___ THE DATA
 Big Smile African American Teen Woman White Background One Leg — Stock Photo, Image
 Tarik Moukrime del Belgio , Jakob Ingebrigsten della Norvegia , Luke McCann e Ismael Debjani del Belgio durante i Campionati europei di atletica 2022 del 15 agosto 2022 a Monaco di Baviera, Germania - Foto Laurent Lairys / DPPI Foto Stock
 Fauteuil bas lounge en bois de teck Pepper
______
___ THE DATA
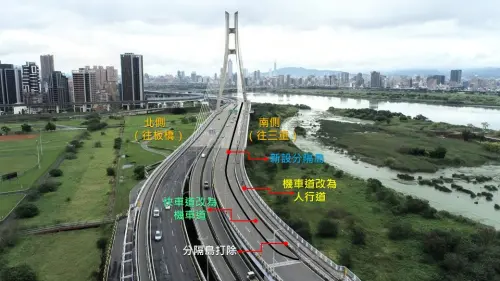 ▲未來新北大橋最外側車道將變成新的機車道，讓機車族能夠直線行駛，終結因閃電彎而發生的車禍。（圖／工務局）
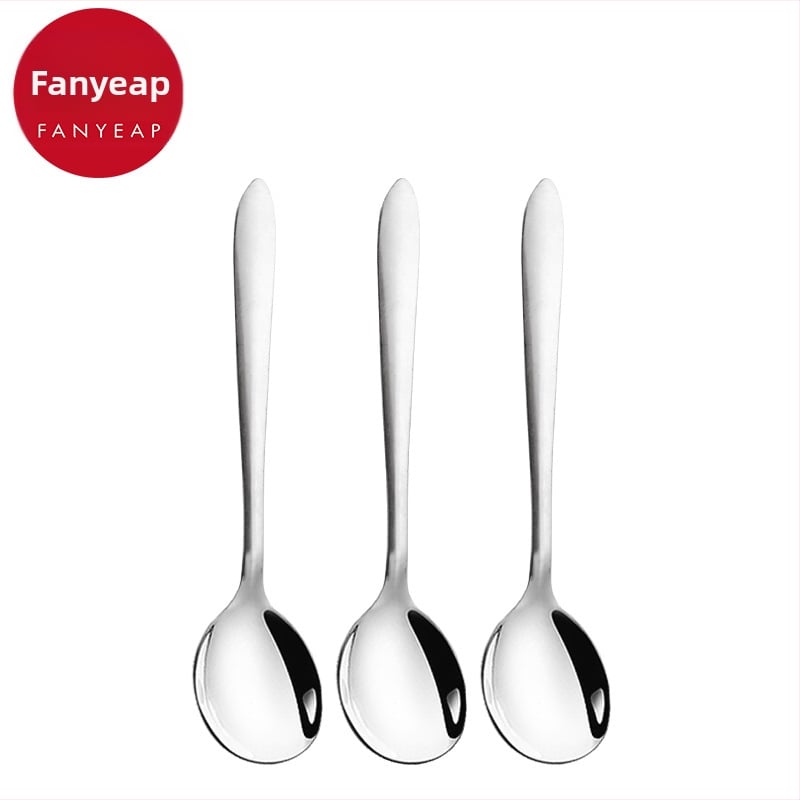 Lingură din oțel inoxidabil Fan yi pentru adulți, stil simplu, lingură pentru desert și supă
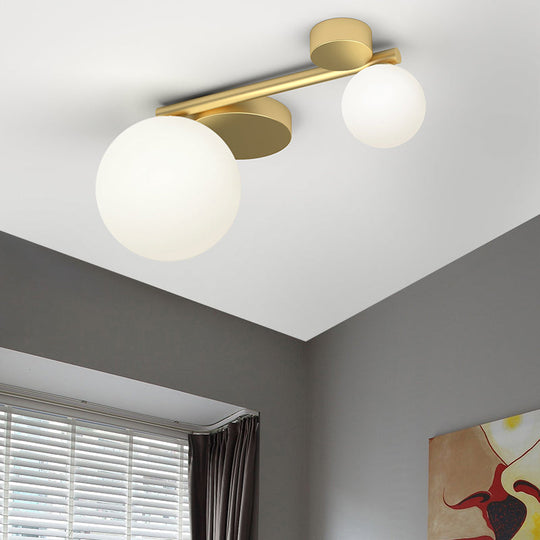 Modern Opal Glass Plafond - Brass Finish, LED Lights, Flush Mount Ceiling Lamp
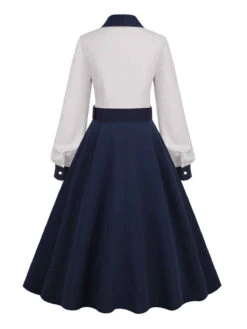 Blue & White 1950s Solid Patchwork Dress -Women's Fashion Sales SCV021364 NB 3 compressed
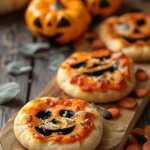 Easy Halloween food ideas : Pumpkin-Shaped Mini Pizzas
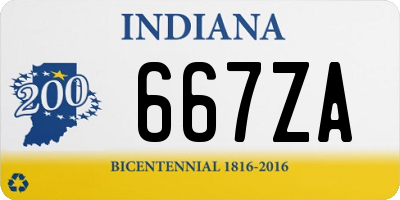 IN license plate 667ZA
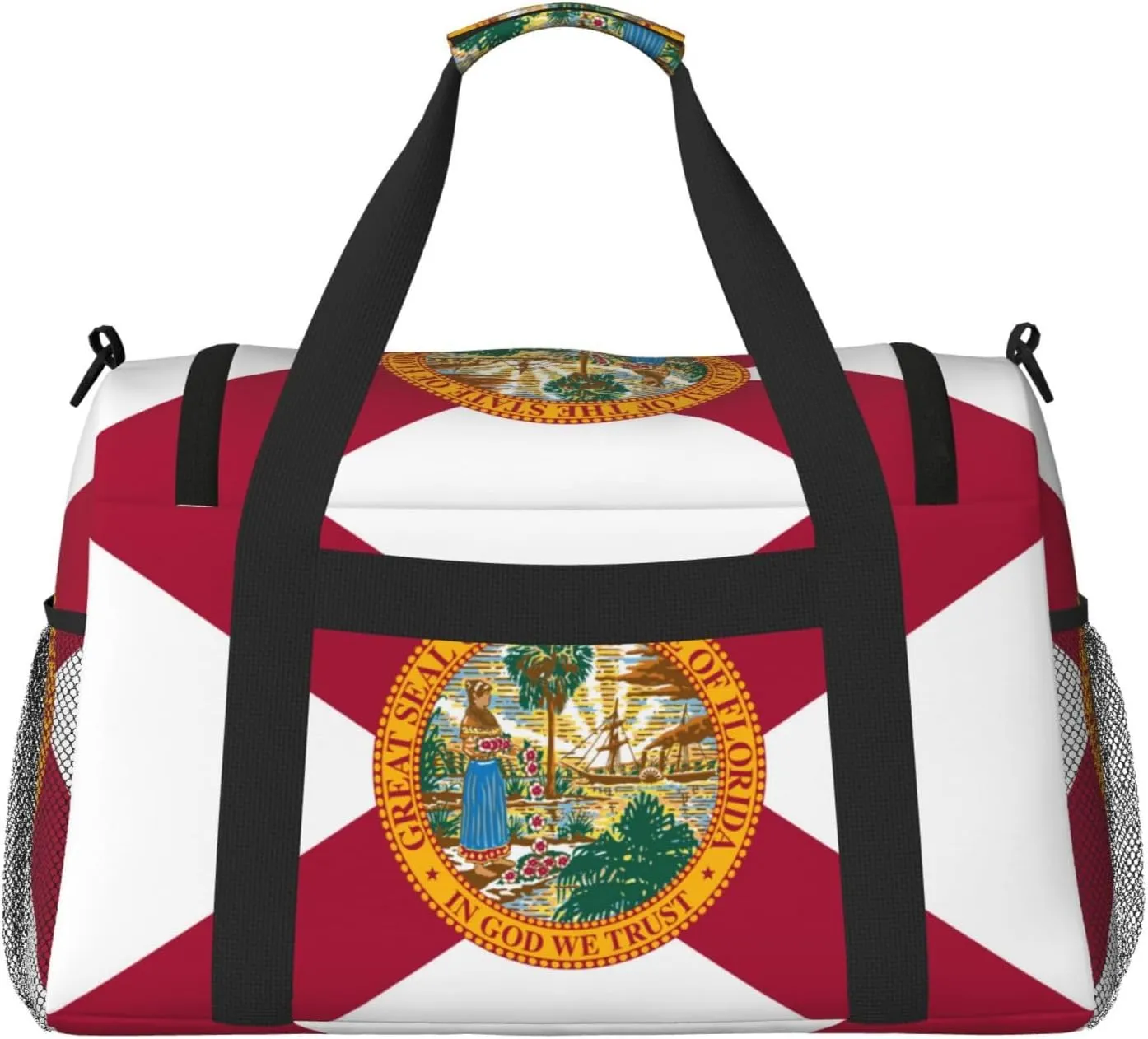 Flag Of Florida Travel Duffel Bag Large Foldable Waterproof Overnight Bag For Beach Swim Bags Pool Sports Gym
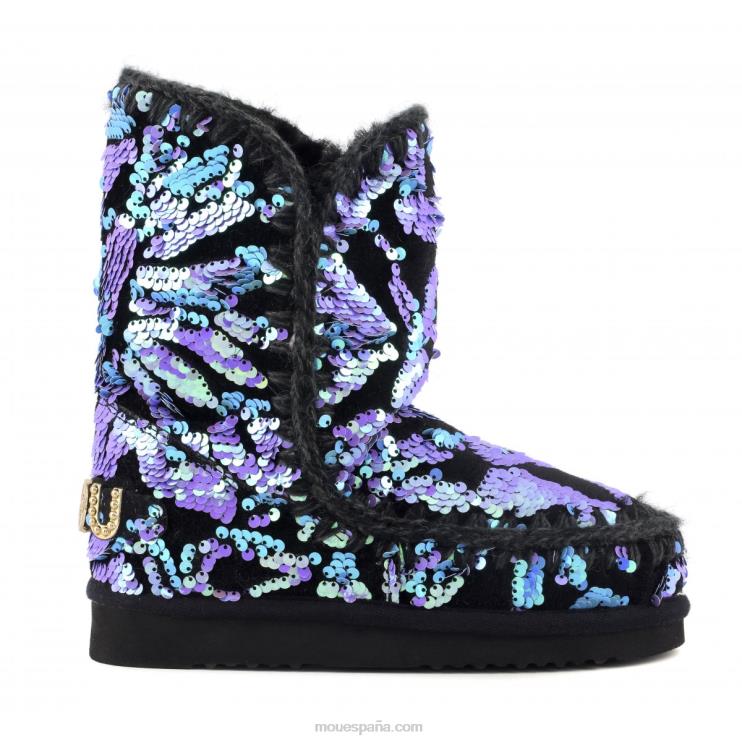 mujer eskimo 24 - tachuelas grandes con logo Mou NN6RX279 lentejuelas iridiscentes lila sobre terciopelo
______
*TRY IT:*
Output only an exact transcription of the lines above from the one with "Big Smile African" up to and including the one with "Fauteuil bas lounge en bois de teck Pepper".

*ANSWER SECTION:*
 Big Smile African American Teen Woman White Background One Leg — Stock Photo, Image
 Tarik Moukrime del Belgio , Jakob Ingebrigsten della Norvegia , Luke McCann e Ismael Debjani del Belgio durante i Campionati europei di atletica 2022 del 15 agosto 2022 a Monaco di Baviera, Germania - Foto Laurent Lairys / DPPI Foto Stock
 Fauteuil bas lounge en bois de teck Pepper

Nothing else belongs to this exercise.